Mom and I enjoyed a family reunion last Saturday, in an unlikely place - at the CrossFit Maui facility in Kahului. Actually, the venue was appropriate, being that this family was not connected through blood ties; it was bound together by blood, sweat and tears. Mostly sweat.
The occasion was the Doc Yogi Maui Invitational Weightlifting Meet, and the 'ohana was made up of Maui and Oahu lifters and supporters. Named for my late father, the event was resurrected after more than 10 years by a handful of "Daddy's boys," as I called the hundreds of young men he trained in our garage. Still a relatively obscure sport, Olympic-style weightlifting is enjoying a resurgence, thanks to the popularity of cross-training programs like CrossFit.
Olympic weightlifting involves more than brute strength; mobility and flexibility are crucial in executing the competitive lifts called the snatch and the clean and jerk. In the snatch, the barbell is lifted from the floor to overhead in a single, smooth movement. The clean and jerk consists of two steps, from floor to shoulders (the clean), then the jerk from shoulders to overhead. When done properly, both lifts, but especially the snatch, are beautiful to behold: explosive yet graceful.
Three-time Olympic medalist Tommy Kono is considered by many to be the greatest weightlifter of the 20th century. He is the only athlete in history to have set world records (26!) in four different bodyweight classes. He also excelled in physique contests, winning the Mr. Universe title in 1955, 1957 and 1961. Arnold Schwarzenegger has called Kono his boyhood idol, having been inspired by watching Kono compete in the 1960 World championships in Vienna.
Born and raised in California, Kono adopted Honolulu as his home in 1970 and continues to play an active role in Hawaii weightlifting as an official and a mentor. He and my father, a national champion lifter himself, were longtime friends, and I remember him coming to Maui as the celebrity attraction at local weightlifting meets in the early 1960s.
Daddy was a competitor in those old Wailuku Gym meets, and his weightlifting technique was, indeed, beautiful. I loved watching my father lift. During a break in the contest, Uncle Tommy would rip a phone book in half or drive a nail into a two-by-four with his bare hands. But mostly I remember how kind and gentle he seemed, with the same soft-spoken strength and confidence that my father carried. Both Daddy and Uncle Tommy devoted countless hours to coaching young athletes and teaching lessons beyond how to lift weights.
In the online magazine Oldtime Strongman, Uncle Tommy expressed his philosophy in an article titled "If I Had My Way."

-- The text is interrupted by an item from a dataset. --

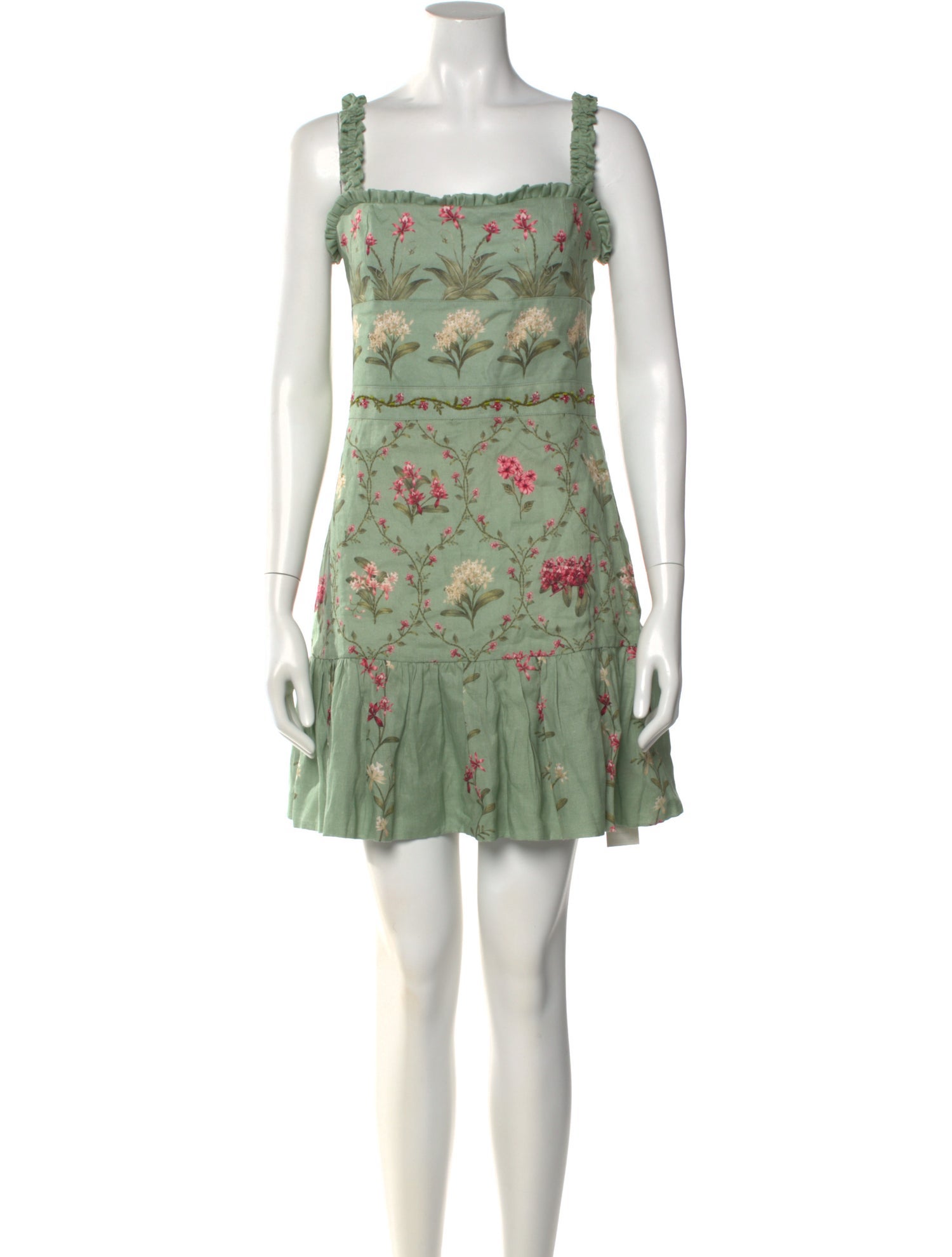 Agua Bendita Linen Mini Dress w/ Tags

If I had my way, the weightlifting area would be treated like a "dojo" as the martial arts students would use their area and equipment for training. . . . The entire area would be treated with respect from the bar to the barbell plates. . . . The barbell lifted would never be "thrown" down or dropped from overhead except for safety reasons. . . . Anger from a failed lift would be controlled so no four-lettered words would be used. Instead the energy (from) the anger would be directed for a positive result.

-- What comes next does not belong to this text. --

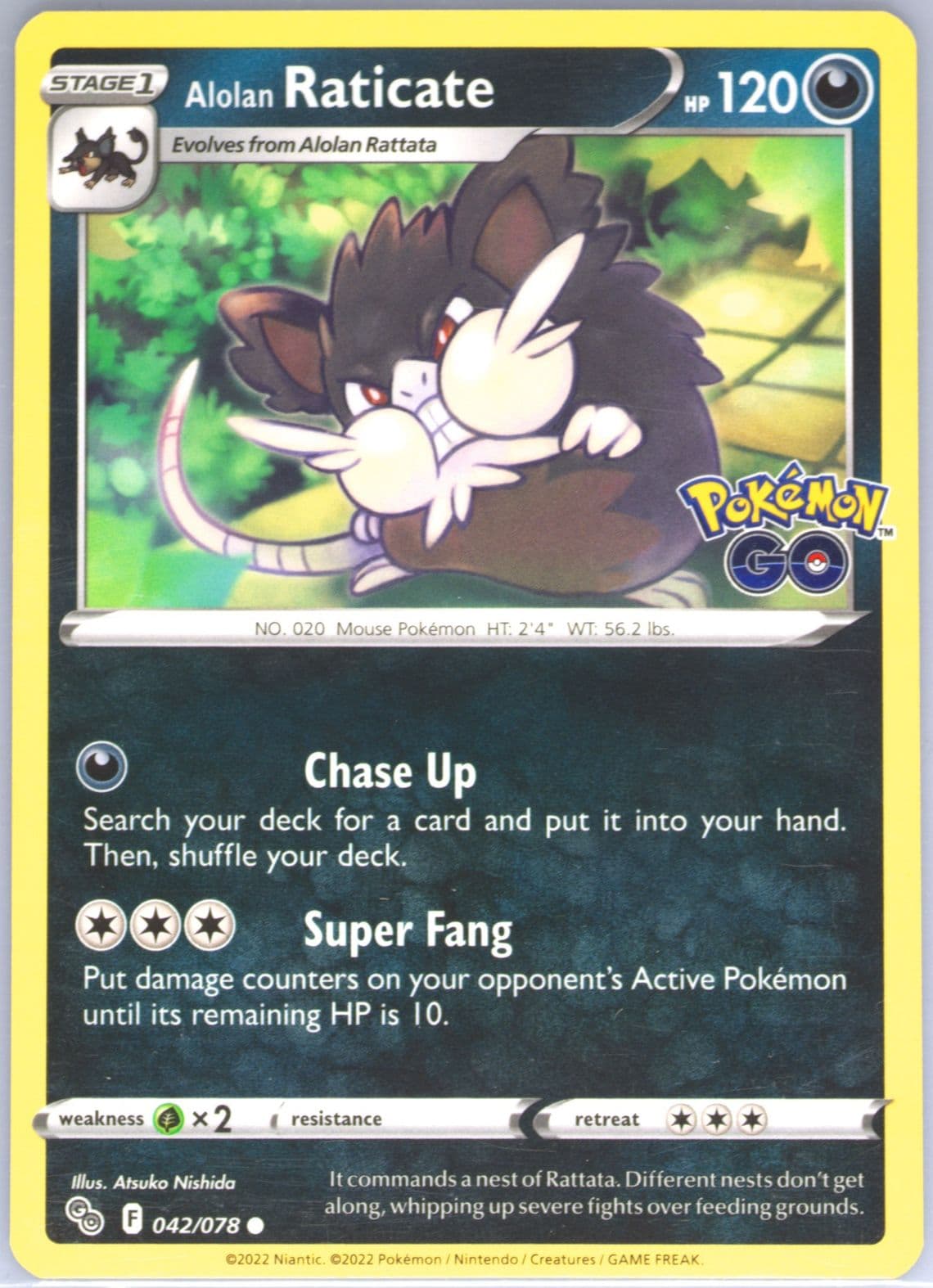 Alolan Raticate (042) 2022 Pokemon Go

. . . Development of a strong character begins with respect even for innate objects.
Daddy's boys, including Maui's two-time Olympian Vernon Patao, were trained in that way. My father's No. 1 rule was that his lifters (which eventually included women) show respect and humility at all times, and he, like Uncle Tommy, led by example.

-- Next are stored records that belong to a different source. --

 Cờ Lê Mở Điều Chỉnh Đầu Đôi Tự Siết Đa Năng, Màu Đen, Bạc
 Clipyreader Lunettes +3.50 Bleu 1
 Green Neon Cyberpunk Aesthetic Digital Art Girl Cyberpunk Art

I was moved to tears twice on Saturday; the first time when Mom and I walked into the meet and spotted Uncle Tommy in the audience. While he and Mom reminisced and reacquainted, I caught up with Vernon, who, with Frank Tam, organized the day's event.
Vernon and his brother Val have opened Patao Weightlifting at CrossFit Maui, training lifters the way they were taught in our garage. Vernon told me that his mission is to carry on Daddy's legacy of building character along with strength. I got all choked up as I listened to him echo my father's words as well as his passion. I knew he meant it, because I kept a close eye on the lifters wearing "Patao Weightlifting" shirts. On or off the platform, they carried the weights, as well as themselves, with respect.
Daddy would have been proud. Mom and I certainly were.